Building on my comments, here is a solution that would read all the CSV files into a single list.
# Deal with French properly
options(encoding="latin1")
# Set your working directory to where you have
# unzipped all of your 308 CSV files
setwd("path/to/unzipped/files")
# Get the file names
temp <- list.files()
# Extract the 5-digit code which we can use as names
Codes <- gsub("pollresults_resultatsbureau|.csv", "", temp)
# Read all the files into a single list named "pollResults"
pollResults <- lapply(seq_along(temp), function(x) {
T0 <- readLines(temp[x])
T0[-1] <- gsub('^(.{6})(.*)$', '\\1\\"\\2', T0[-1])
final <- read.csv(text = T0, header = TRUE)
final
})
names(pollResults) <- Codes
You can easily work with this list in different ways. If you wanted to just see the 90th data.frame you can access it by using pollResults[[90]] or by using pollResults[["24058"]] (in other words, either by index number or by district number).
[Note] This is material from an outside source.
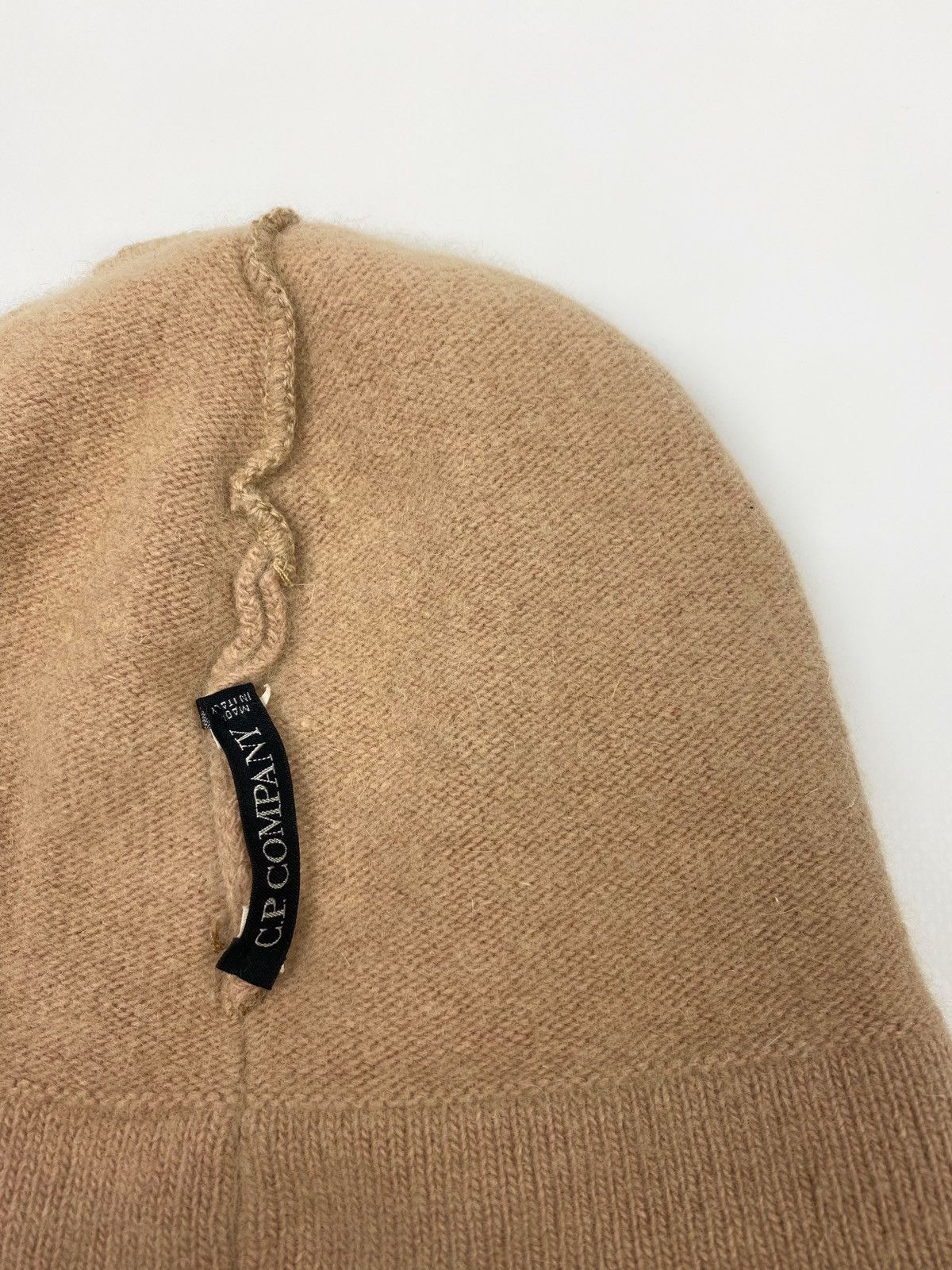 C.P. Company 2000’s Vintage C.P. Company Tan Cashmere Skull Beanie Hat Size ONE SIZE - 5 Thumbnail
Having the data in this format means you can also do a lot of other convenient things. For instance, if you wanted to fix all 308 of the CSVs in one go, you can use the following code, which will create new CSVs with the file name prefixed with "Corrected_".
invisible(lapply(seq_along(pollResults), function(x) {
NewFilename <- paste("Corrected", temp[x], sep = "_")
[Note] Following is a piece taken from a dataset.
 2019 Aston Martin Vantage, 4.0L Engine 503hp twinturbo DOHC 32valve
write.csv(pollResults[[x]], file = NewFilename,
quote = TRUE, row.names = FALSE)
}))
Hope this helps!
This answer is mainly to #AnandaMahto (see comments to the original question).
First, it helps to set some options globally because of the french accents in the data:
options(encoding="latin1")
Next, read in the data verbatim using readLines():
temp <- readLines("pollresults_resultatsbureau13001.csv")
Following this, simply replace the first comma in each line of data with a comma+quotation. This works because the first field is always 5 characters long. Note that it leaves the header untouched.
temp[-1] <- gsub('^(.{6})(.*)$', '\\1\\"\\2', temp[-1])
Penultimately, write over the original file.
fileConn<-file("pollresults_resultatsbureau13001.csv")
writeLines(temp,fileConn)
close(fileConn)
Finally, simply read the data back into R:
data<-read.csv(file="pollresults_resultatsbureau13001.csv",header = TRUE,sep=",")
There is probably a more parsimonious way to do this (and one that can be iterated more easily) but this process made sense to me.